Monday 2 December 2013

Thanksgiving with a Mahi


After a final provision stop in Staniel Cay we started out on our 100nm trip to Rum Cay.
As we wound our way out of the precarious Big rock cut abe casually dropped into the conversation that we may encounter 'severe thunder storms', a very tactful moment to bring that up as we exchanged glances, fear flickering in Esme's eyes.

The wind was on our beam, a consistent 15knots. With the swell reducing to half a foot 'Slow Flight' was cruising along in her element.
The Fishing line was out and we had a drill prepared for when we caught our 40pound Mahi, we waited...... suddenly, the line went taught and Pippa was up. Throwing 'the plan' out of the window she dashed around completing everyones 'fish on' jobs in record time, Esme stood poised with the camera as we reeled in our prize. Unfortunately it was only a wee Mahi and we were quite glad the little fishy spat the hook at the last minute and swam off to live another day. We strung our line out once more but with no luck before the sun went down. Pippa was devastated as she had already imagined up the numerous ways in which we would cook it. 



Arriving under cover of darkness. We dropped our anchor near the western shore and waited for daylight. creeping our way through the inky black water aware of the potential coral heads below us. We could hear the waves crashing on the beach but with no lights on the island we could see nothing. After we were happy & secure we napped and waited for dawn. Waking only for the torrential squalls that had been hitting us since midnight.

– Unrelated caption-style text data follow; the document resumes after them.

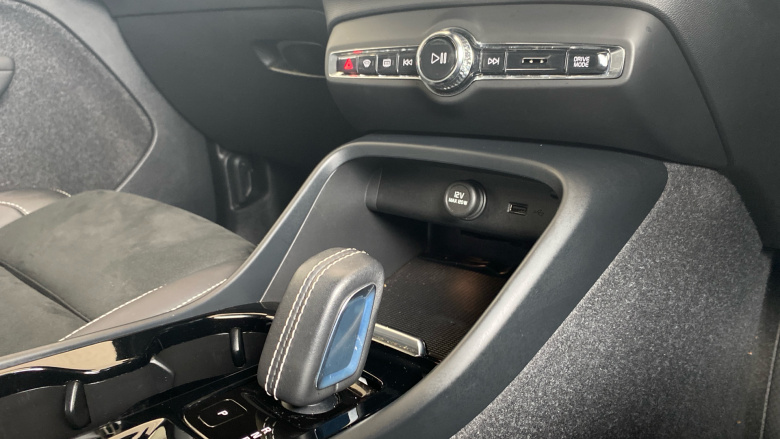 Volvo Xc40 2.0 B4P R DESIGN 5dr Auto Petrol Estate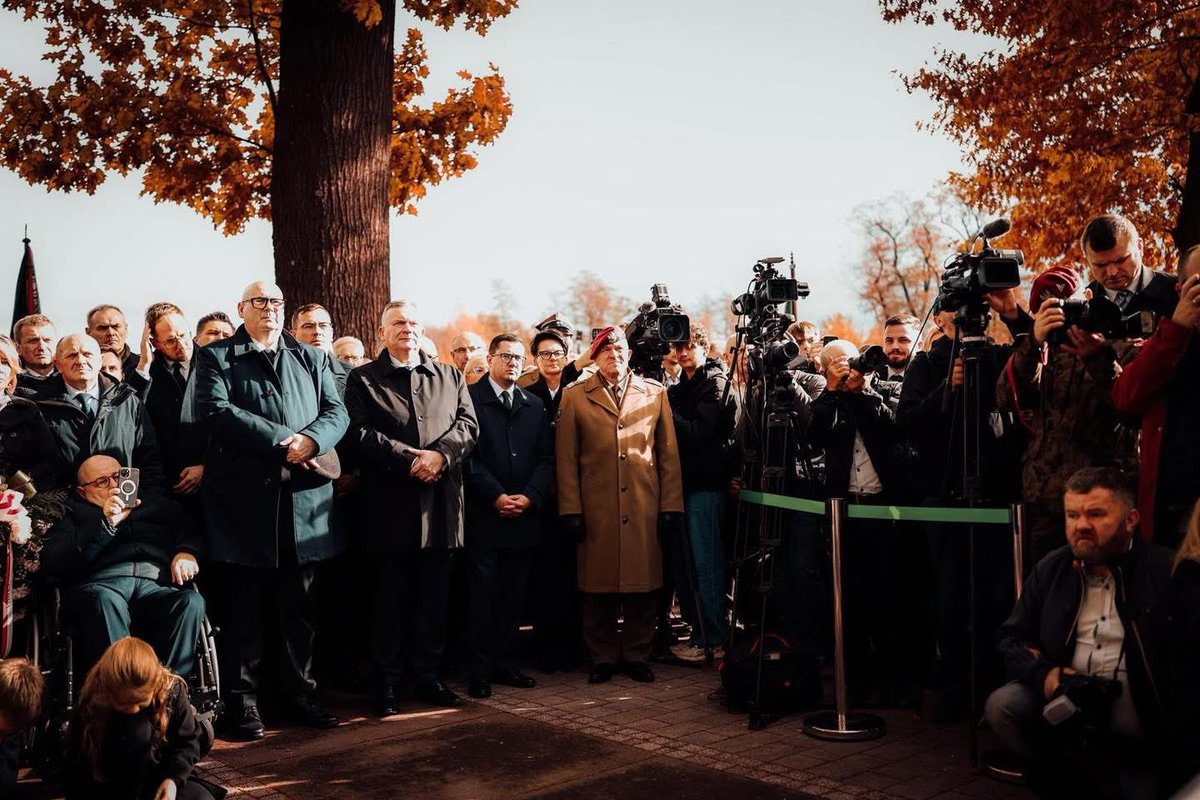 Henryk_Smolarz's tweet photo. 🍀 Dziś Wierzchosławice stały się sercem ruchu ludowego. W Zaduszki Witosowe oddaliśmy hołd Wincentemu Witosowi – premierowi wolności i symbolowi służby dla Polski. 🇵🇱
#ZaduszkiWitosowe #Witos #PSL https://t.co/nPIbmE0X1v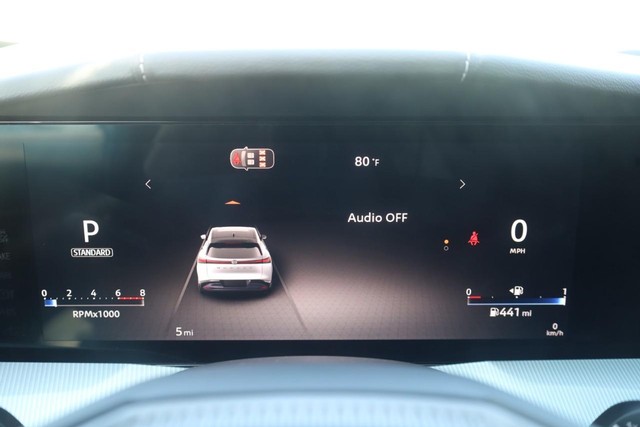 Nissan Murano Vehicle Image 14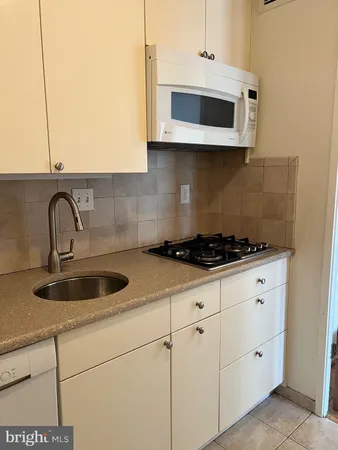 $1,850 | 429 N Street Southwest, Unit S301, Washington, DC 20024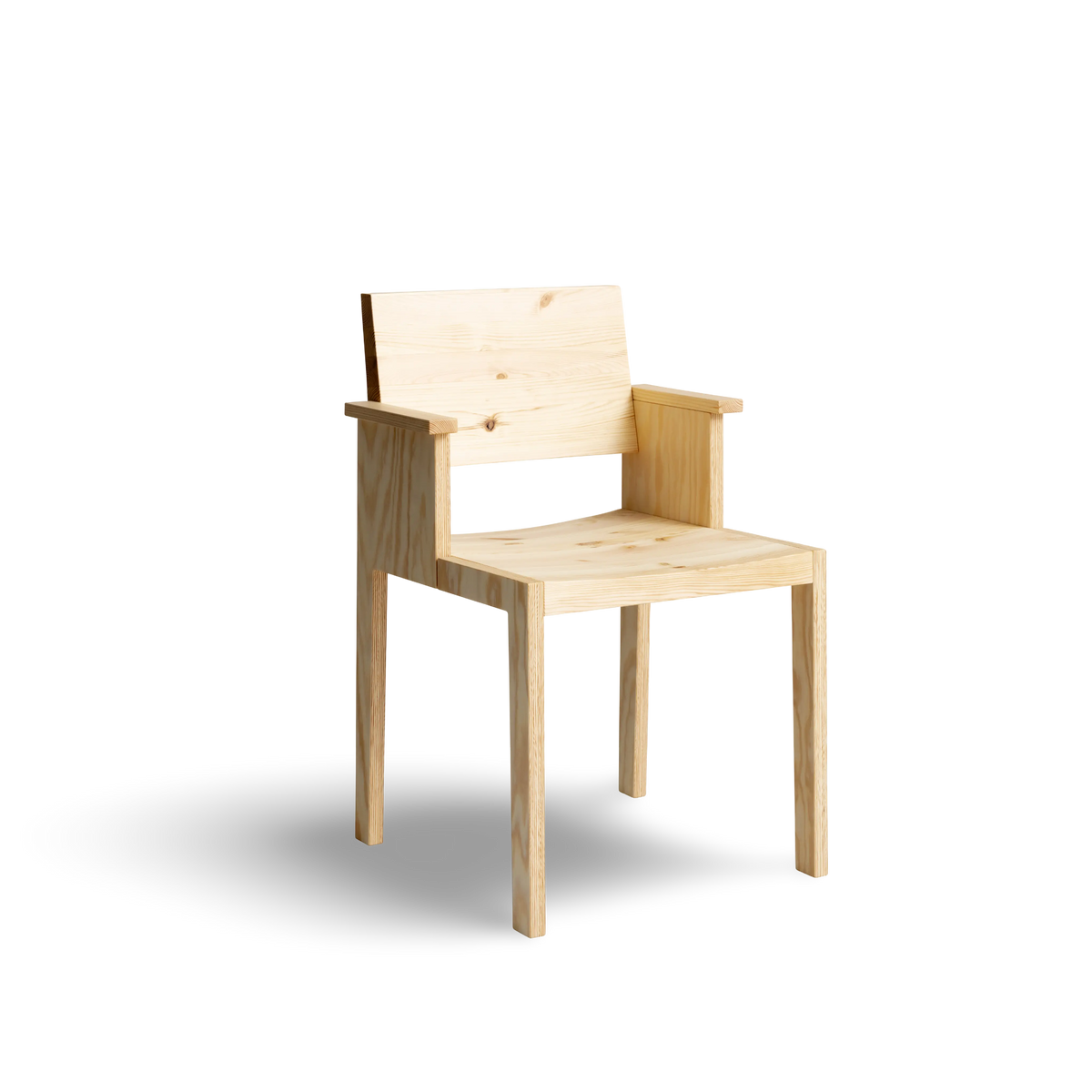 Silla de comedor con brazos de madera natural y diseño nórdico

After a hearty breakfast of peanut butter and jelly on toast we headed in with a view to dock in the Marina (closed in early 2013 but free dockage available to all that wish to enter) with no channel markers We picked our way through the multitude of coral heads in the entrance only to abort half way due to bad light. Our unanimous decision to anchor turned out to be a good one after we were later informed it was a shark infested, mosquito haven.

Spirits renewed we launched the tender and pootled off the shore in search of water, fuel and food. With a population of around 70, Rum Cay was quiet and peaceful. After meeting a friendly local we were directed to the small market hut where we found a few supplies.

Wandering off down the road in search of Wifi we watched as a Land Rover buggy that had just zoomed past make a 20point turn to come back and speak to us (we must have had our damsels in distress faces on) Here we met Tai from New Jersey, who was building a house on the island. He thought we might need a little assistance. After giving us a small tour of the area he took us to his neighbours house which was empty but had forgotten to turn the Internet off. Score!!




That evening we cooked up a storm in the rolling galley. Bean burgers, stuffing, roasted potatoes and the ever precious broccoli curtesy of Freyja. A pavlova made expertly and quite vigorously by Pippa and a truly patriotic table decorated by Esme with crackers, an American flag and themed plates plates we had picked up in Florida. We didn't have a turkey but we celebrated in style. 
Tai had invited us for apres-thanksgiving dinner drinks (or moonshine as the island had run out of alcohol) but the previous night without sleep had taken its toll and we all hit the hay.